Split the file based on column

sol_nov · January 16, 2013, 2:16pm

Hi,

I have a file sample_1.txt (300k rows) which has data like below:

Also each record is around 64k bytes

11|1|abc|102553|125589|64k bytes of data
10|2|def|123452|123356|......
13|2|geh|144351|121123|...
25|4|fgh|165250|118890|..
14|1|abc|186149|116657|......
21|7|def|207048|114424|......
23|7|geh|227947|112191|......
26|32|fgh|248846|109958|......
27|23|abc|269745|107725|......
29|34|def|290644|105492|......
30|32|geh|311543|103259|......
33|23|fgh|332442|101026|......
35|34|abc|353341|98793|......
37|7|def|374240|96560|......
39|4|geh|395139|94327|......
41|2|fgh|416038|92094|......
44|23|abc|436937|89861|......
46|1|def|457836|87628|......
48|3|geh|478735|85395|......
50|23|fgh|499634|83162|......

I am trying to split the files based on the 2nd column like below
sample_1_1.txt

11|1|abc|102553|125589|......
14|1|abc|186149|116657|......
46|1|def|457836|87628|......

sample_1_2.txt

10|2|def|123452|123356|......
13|2|geh|144351|121123|......
41|2|fgh|416038|92094|......

sample_1_3.txt

48|3|geh|478735|85395|......

and so on

Could some help me on this.

Thanks in advance

Yoda · January 16, 2013, 2:23pm

awk -F\| '{ filename="sample_1_"$2".txt"; print $0 > filename } ' sample_1.txt

mirwasim · January 16, 2013, 2:28pm

please check this way

grep "|1|" filename >> filename --> change |1| and redirect to file

---------- Post updated at 12:58 AM ---------- Previous update was at 12:54 AM ----------

sol_nov · January 16, 2013, 2:39pm

Thanks, But I have the record size around 64000 bytes, so it is failing with too long.
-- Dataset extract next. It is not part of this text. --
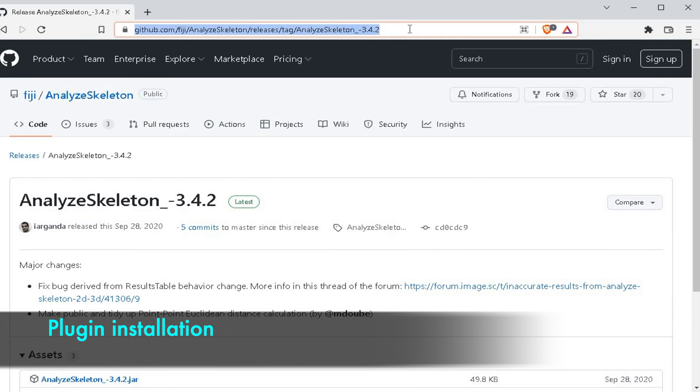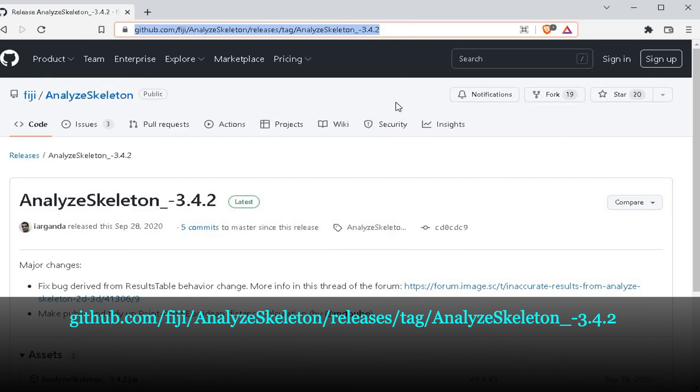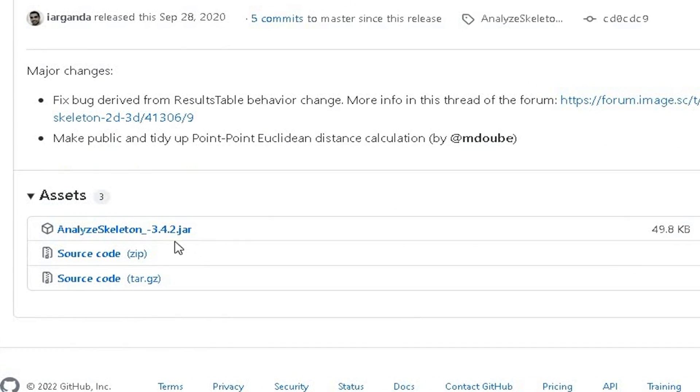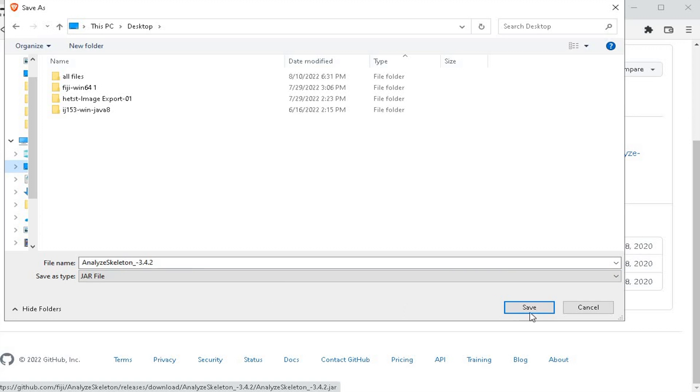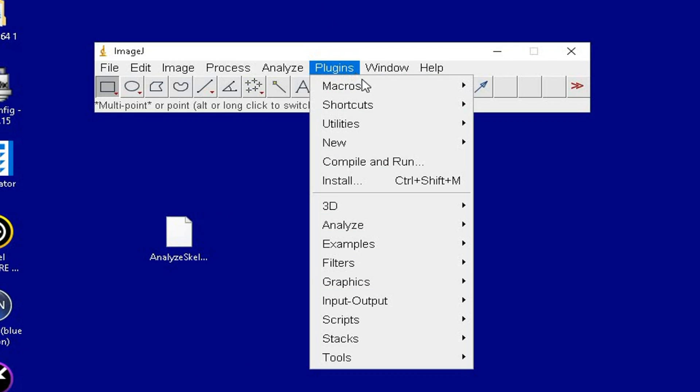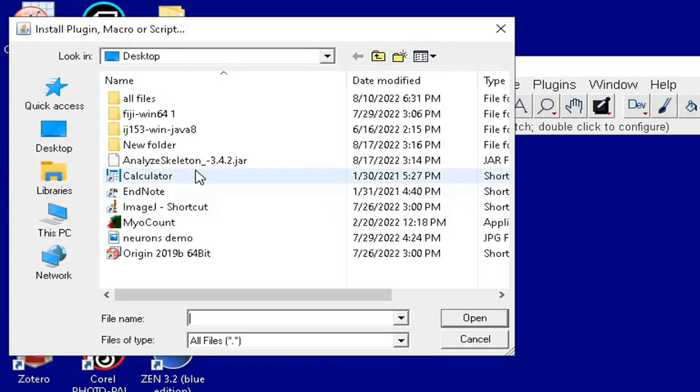This part of the tutorial shows you how to install the Analyze Skeleton plugin to analyze the neuron branches. Head on to the website as shown on the screen, click to download and save it. Next, open the ImageJ software, click on Plugins, and install the downloaded file and click Save.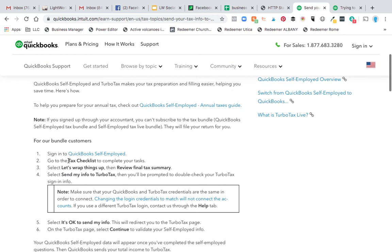I can't go to the tax checklist — there is no tax checklist. There's no button anywhere in QuickBooks Self-Employed, and that is a problem. I searched everywhere and finally found the reason why. This is so frustrating.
Can this be done using perl?

Yoda · January 16, 2013, 3:10pm

How about a KSH script?

#!/bin/ksh

while IFS="|" read f1 f2 f3
do
        echo "$f1|$f2|$f3" >> sample_1_$f2.txt
done < sample_1.txt

Scrutinizer · January 16, 2013, 3:39pm

An awk version that might circumvent the line limit get's a bit complicated, but you could try this:

awk '
  NR==1 && getline n {
    f="sample_1_" n ".txt"
    print $1 >> f
    print RS n >> f
    next
  }  
  NF==2 && getline n {
    print RS $1 FS >> f
    close(f)
    f="sample_1_" n ".txt"
    print $2  >> f
    print RS n  >> f
    next
  }
  {
    print RS $1 >> f
  } 
  END{
    print FS >> f
  }
' RS=\| ORS= FS='\n' infile

Don_Cragun · January 16, 2013, 5:41pm

Any utility specified to read text files (including awk, grep, read, and sed) may fail on any line longer than LINE_MAX bytes long. The value of LINE_MAX on your system can be found by running the command: getconf LINE_MAX . The cut, paste, and fold utilities, however, are required to work with text files with unlimited line lengths. So, a way to do this is to:

Use cut to create a file just containing field 2 from your intput file into a file (e.g., name_list).
Use cut to create a file with the first LINE_MAX-5 bytes from of your input file into a file (e.g., part001).
Use cut to create other files with sequential sets of LINE_MAX-5 bytes from your input file (e.g., part002 ... partXXX) such that every of part of your input file has been split into a file with lines less than LINE_MAX bytes long.
Read name_list and calculate the name of the file to contain the reassembled input line.
Read a line from each of the partXXX files and write it to the appropriate output file. (Note that the writes may have to be done as a separate write for each partXXX file line adding a trailing newline character to the write of the last partXXX file.) You could also create separate output_field2_partXXX files, and use paste to create the final output files from these intermediate files.